The only thing working against Thybulle is Rivers' insistence on keeping lots of shooting on the floor at all times. Players like Korkmaz who can shoot coming off of screens have typically had a lot of success under the head coach, who is willing to live with defensive warts of certain perimeter players in order to facilitate better offense. Thybulle's home/road splits as a shooter were dramatic last season, and though Korkmaz has not impressed as a ballhandler so far this year, he also brings more on that front than Thybulle, who is best equipped to be a stationary shooter and a cutter off-ball.

Maxey could (and perhaps even should) end up being a big beneficiary of Korkmaz's absence. Already in the good graces of the head coach, Rivers suddenly needs someone to step into a bigger backcourt role over the next couple of weeks, and with Milton able to shift in and out of roles as the team needs it, this could be an opportunity for Rivers to get an extended look at a Maxey-Milton backcourt, with both players able to show what they have on and off the ball. 

A strong enough stretch for the rookie could be enough to solidify the young guard in the rotation during a period where the Sixers are still evaluating what they have and how they'll sub it this season. Philadelphia is still working on implementing new plays and getting a new roster on the same page across the board, so more minutes for a savvy point guard would make sense.

If Rivers decides to go with a more like-for-like swap for Korkmaz, it also wouldn't be a shock to see Dakota Mathias get a shot to fill in as a bench shooter and (very) secondary creator. Rivers was encouraged by what their two-way guard showed in training camp, and though garbage time production isn't an indicator for much of anything, Mathias looked good in limited action toward the end of Sunday's loss against the Cavaliers. 

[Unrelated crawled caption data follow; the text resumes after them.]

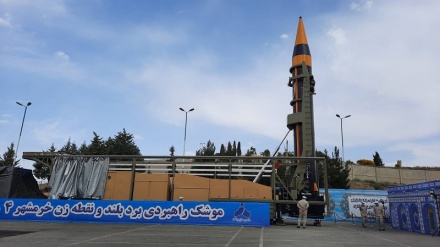 رونمایی از «خیبر»؛ جدیدترین موشک بالستیک ایرانی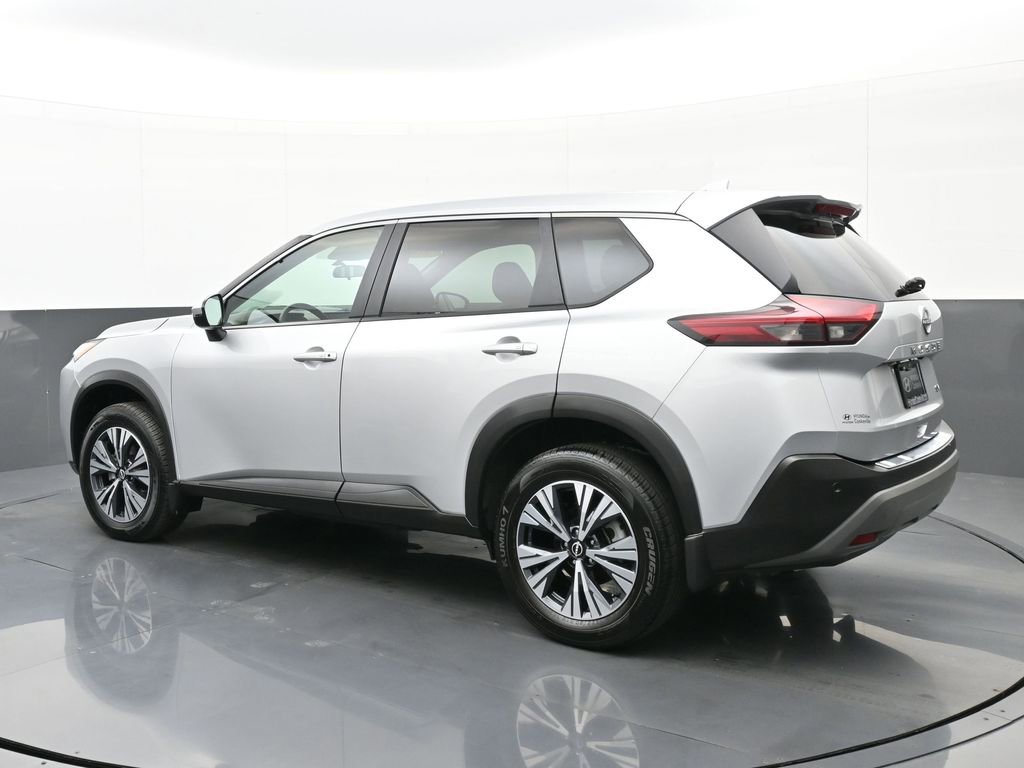 Used 2022 Nissan Rogue SV FWD image 5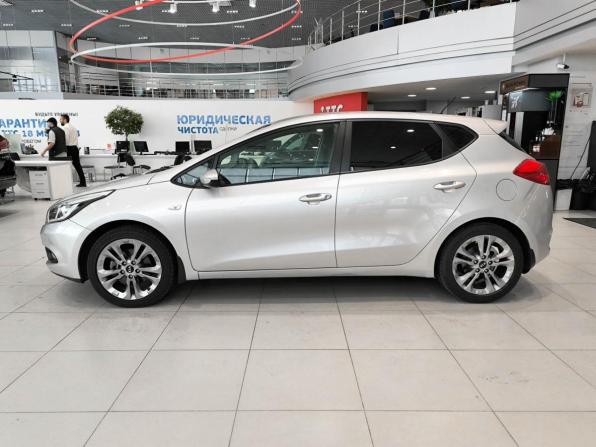 Kia Ceed II с пробегом 2012 года, цена 850 000 рублей, 231236 км, хэтчбек, Автокод Объявления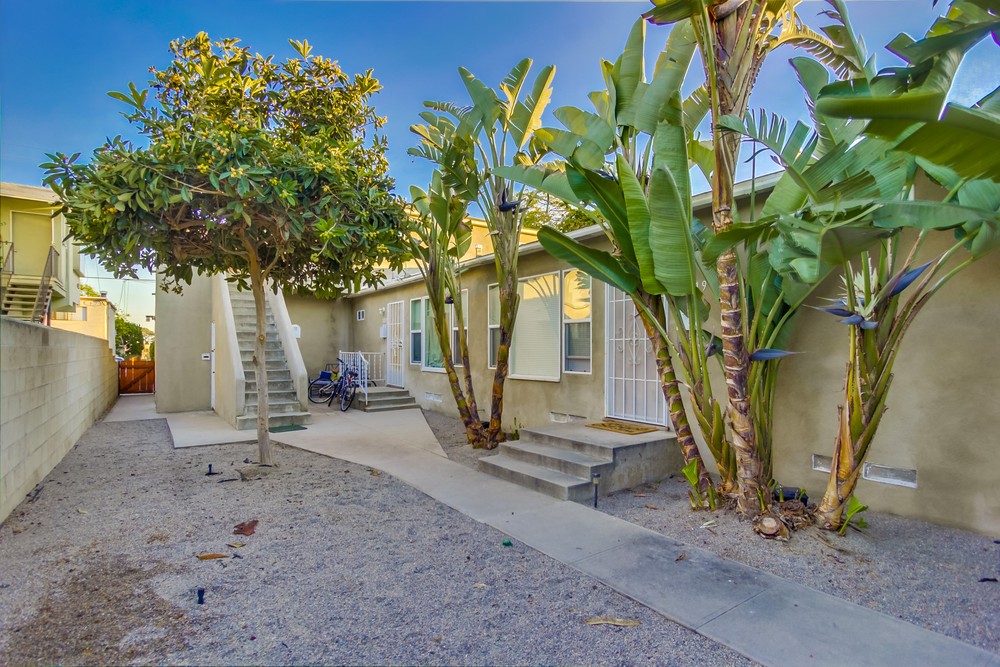 Virtual tour photo 30 of 34 for 1215 Grand Ave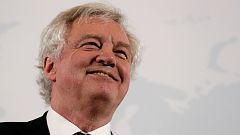 Davis: "Reino Unido não mergulhará num mundo estilo 'Mad Max" após "Brexit"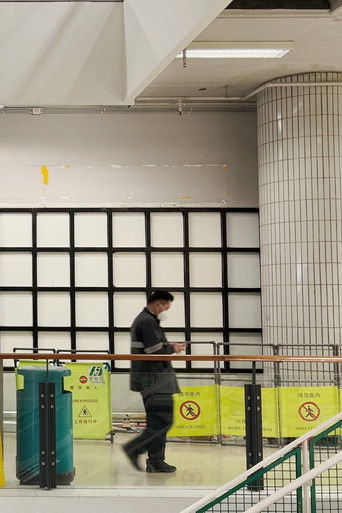 Cartell de 城市裏的光天化日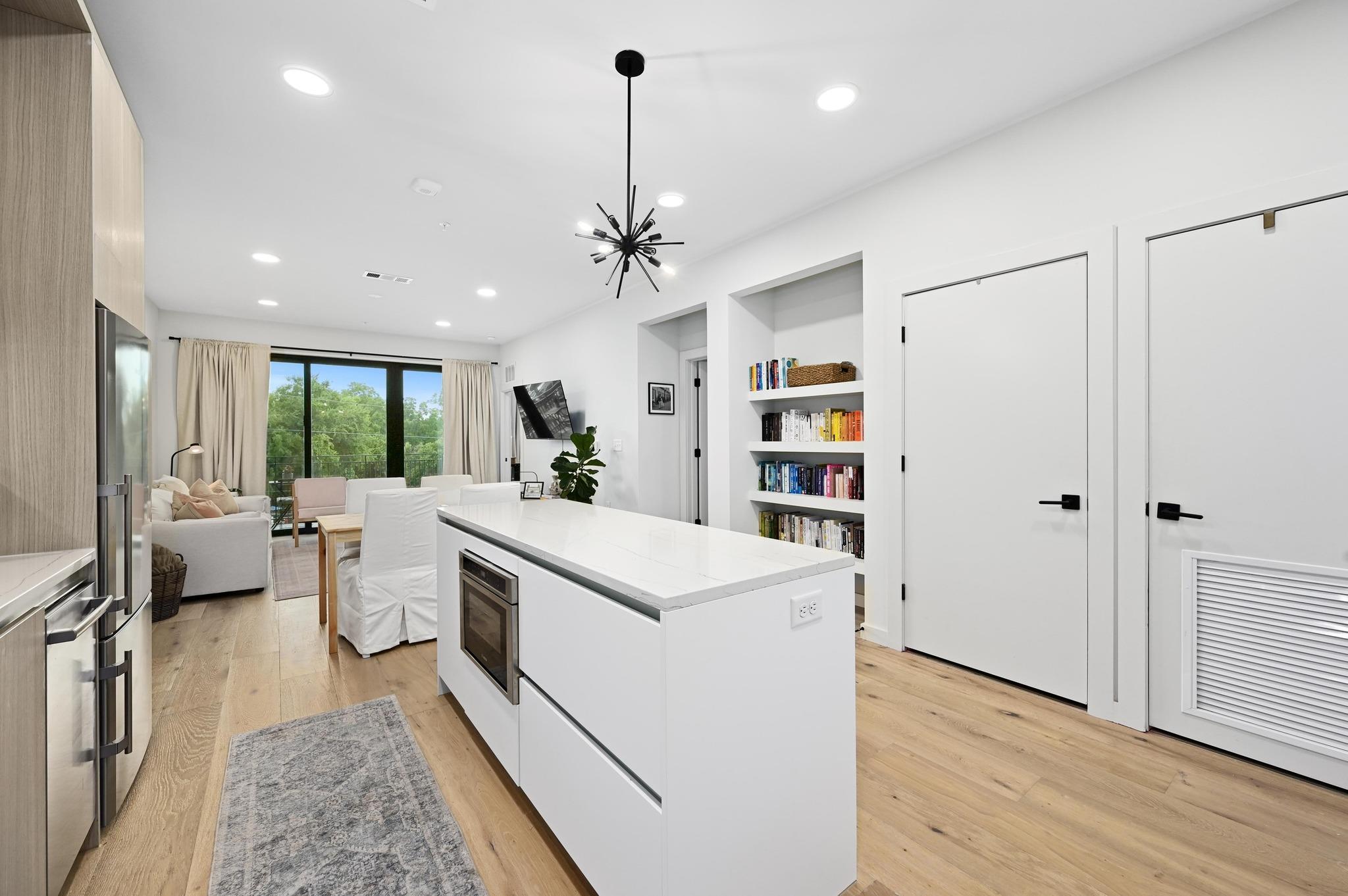 2209 S 1st St # 312, Austin, TX 78704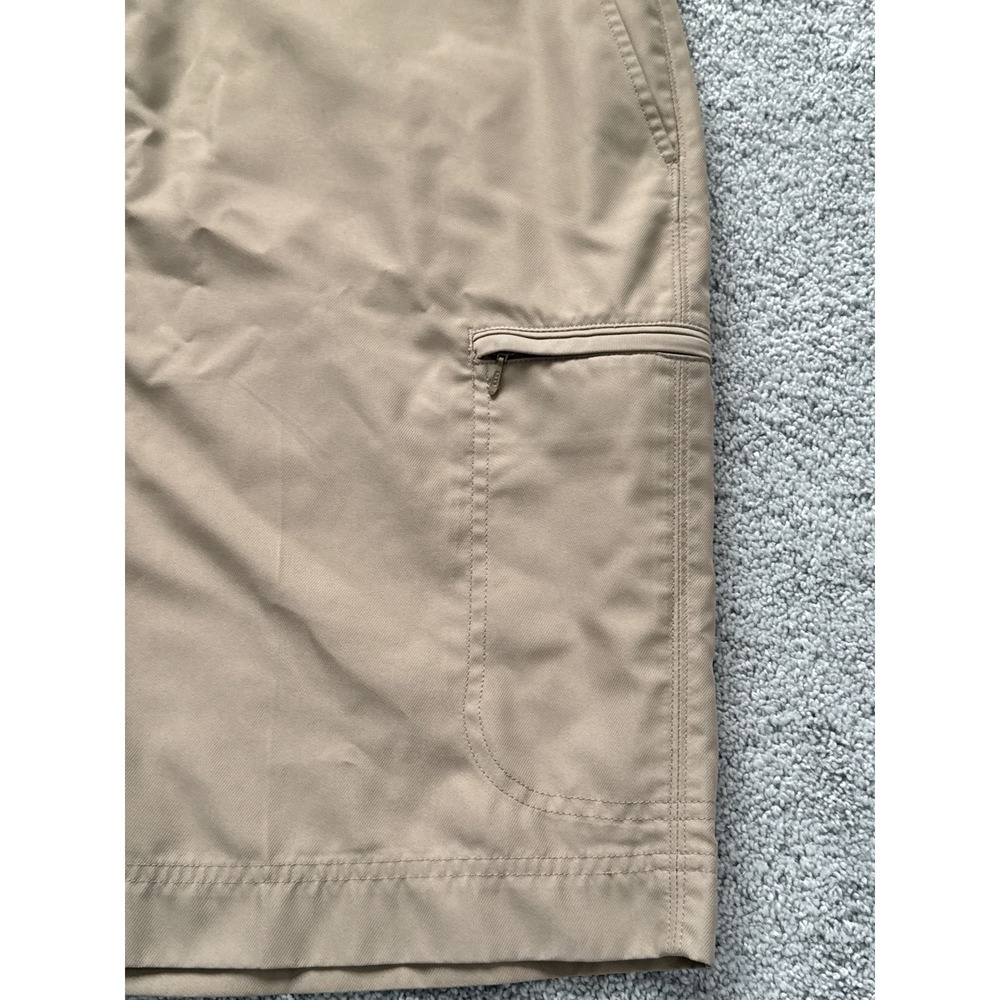 Callaway Mens Khaki Tan Golf Cargo Shorts Size 40 Performance Gripper Waistband - Picture 2 of 5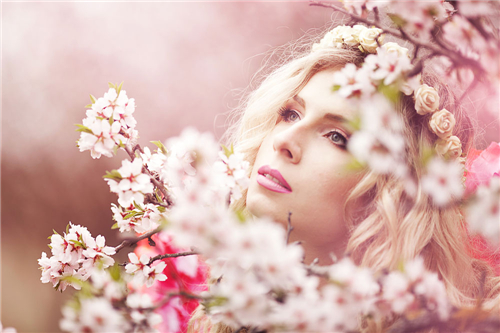 花香却无人采的星座女 花香却无人采的星座女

Inserting Mathias into that role and keeping everything/everyone else in place would allow Rivers to keep continuity elsewhere in the rotation, something I think he values as he tries to continue introducing new concepts to the group. The same could be said for rookie Isaiah Joe, though it seems he might need to hit the weight room before he can find his footing on an NBA floor.

The only other variable is whether this first injury will cause Rivers to reconsider his policy of not staggering his stars, one of the early trends to watch in Philadelphia. Rivers has continued to lean heavily on all-bench groups early in the season, resting Joel Embiid and Ben Simmons at the same time for most of the first three games, but an injury to a guy he seems to trust on the second unit could lead to some tweaks to their setup. That wouldn't necessarily be a bad thing — having one of Embiid or Simmons on the floor at all times is a goal most people would be happy to see Philadelphia strive for.

The Sixers have a busy schedule over the next two weeks, with eight games over the two-week period Korkmaz is expected to miss, so they should learn plenty about their bench before he (hopefully) returns in full health.